Background and Study Objectives: There is increasing concern in England about the high volume of care proceedings. Care proceedings are issued by local authorities when it is deemed that children are suffering significant harm. Typically the making of a care order will result in placement of a child in out of home care. Given both the human and economic costs of this form of compulsory state intervention, one issue that has caught national attention is repeat clienthood – why do some parents appear and re-appear before the family court, losing successive children to state care and adoption. The study aimed to quantify the scale and pattern of recurrent care proceedings in England, based on birth mother as the primary unit of analysis. The overarching aim of the study was to generate new evidence to inform interventions aimed at helping parents avoid a cycle of recurrent proceedings whilst safeguarding children.
Methods: Records held centrally by the Child and Family Court Advisory Service (Cafcass) concerning public law proceedings comprised the primary source of data for the study. Following the completion of ethical clearances, all usable records were extracted to an electronic relational database, de-identified and restructured to enable the identification and profiling of recurrent cases. The study population comprised all usable birth mother, child and father records during the observational window 2007-2014.

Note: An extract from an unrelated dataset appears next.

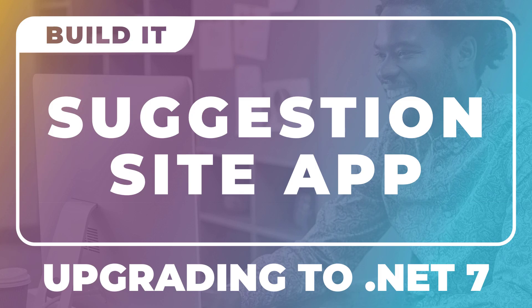When we built the SuggestionSite app, we used .NET 6. Now that .NET 7 is out, we have the option to stay on the LTS branch, that's a long-term support branch, until .NET 8, or upgrade to .NET 7, which is on the STS branch, or the short-term or standard-term support branch.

Results: Almost 1 in every 3 care applications were linked to birth mothers with a recurrent profile. Intervals between repeat care proceedings were very short and typically involved infants. In recurrent cases, the likelihood of an infant being subject to repeat care proceedings at birth increased with successive applications, as did the likelihood of adoption as the final legal outcome.
Conclusions. The study confirmed that repeat clients constitute a sizeable population within family law proceedings, requiring an urgent policy response.